Nodes with Zero Initial Levels

This is a simple but common reason for a model to fail to run. Nodes may have been added to a model and initial conditions have been omitted.

This check looks for any nodes, with initial condition of zero and returns a warning with a list of nodes which have failed the check. Spills with zero initial conditions are ignored, but other structures will return a warning.

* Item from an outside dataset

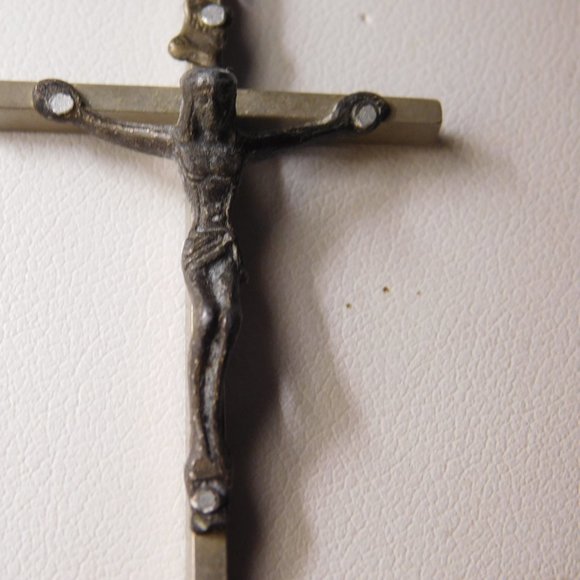 Crucifix Cross Pendants Lot of Two Vintage - Picture 4 of 5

Nodes With Below Invert Initial Conditions

This is a common reason for a model failing to run. The check will compare the initial conditions with the lowest level in a river cross section or the invert level of a culvert. It will return a warning with a list of nodes which have failed the check and the corresponding invert level and initial stage alongside. Only river sections and conduits are checked, therefore structures need checked by hand and interpolates / replicates should be checked to ensure initial conditions have been graded between river / conduit sections.

Panel Marker Existence

Panel markers are required in river cross sections where a composite channel is required or where the Manning’s roughness changes within a cross-section or when the flood plain is represented using extended sections. The check looks for at least one panel marker per section. No attempt is made to ensure that the panel markers are in the correct location. If no panel markers are found in a river cross section an error will be returned and the node name listed.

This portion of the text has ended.